Faire comme les hommes mais « comme une dame »
Les « femmes de sport », on les découvre précisément avec la première participation des femmes aux Jeux Olympiques modernes, en 1900. Elles sont alors autorisées à concourir dans cinq disciplines : le tennis, le golf, la voile, l’équitation et le croquet. Mais qu’ont donc en commun ces sports ? Ils sont aristocratiques. Et dans l’aristocratie, il y a une tradition des « femmes de sport ». Comme il y en a une des « femmes de lettres » ou des « femmes de sciences ».
Dès la Renaissance, la noblesse s’attache en effet à donner aux filles une bonne éducation qui implique de savoir donner le change en présence d’un galant appelé à devenir éventuellement un époux : il faut savoir danser, c’est une chose, mais aussi savoir monter à cheval, connaître les règles du jeu d’escrime, être en condition pour participer aux chasses et aux loisirs… Mais tout ça, il faut le faire « comme une dame ». Cela implique avec une certaine tenue, au sens propre comme au sens figuré : pas question de se travestir en homme pour tâter de la balle ou de l’épée ; pas question non plus d’exercer les activités physiques avec des postures martiales.
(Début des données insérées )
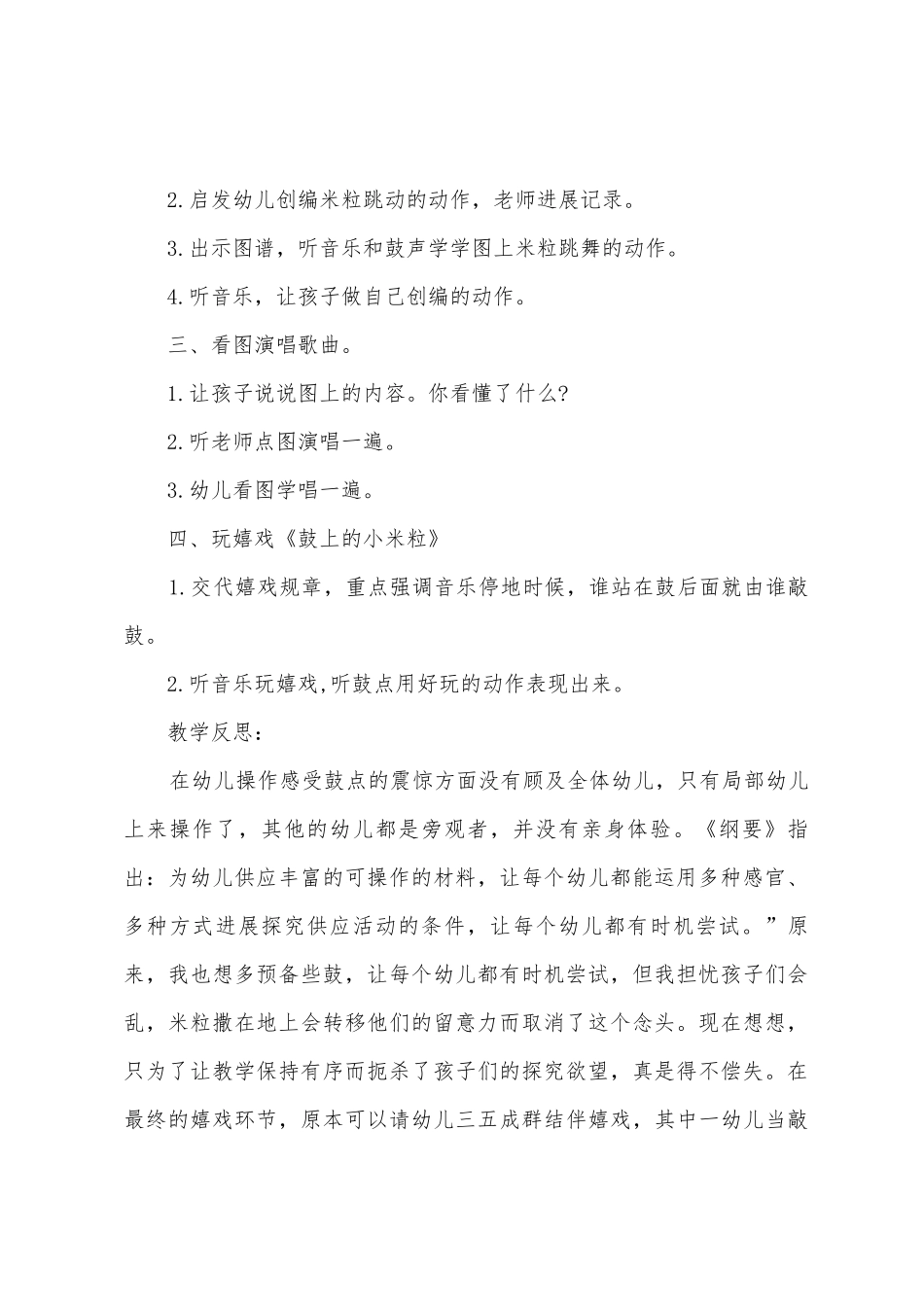 大班音乐鼓上的小米粒教案反思_第2页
On monte donc à cheval en robe et en amazone, on croise le fer en jupon et avec grâce dans les mouvements, on tape dans la balle avec une raquette en robe à manches bouffantes et capeline.
Où la mixité n’empêche pas le sexisme (voire l’attise)
Deux siècles plus tard, qu’est-ce que ça donne ? Des sports où la présence des femmes ne fait pas débat et où elle est massivement ancrée (pour s’en convaincre : les fédérations d’équitation et de tennis sont aujourd’hui en France celles qui comptent le plus de licenciées, avant la gymnastique). Des sports où les écarts de rémunération sont nettement moins importants que dans le foot, le basket, le rugby, la boxe ou le cyclisme. Avec une vraie réussite à saluer : le tennis, qui est le premier des sports à avoir instauré l’égalité des primes de matchs dans les tournois internationaux, est aussi le seul sport à faire entrer des femmes dans le classement global des sportifs les mieux payés…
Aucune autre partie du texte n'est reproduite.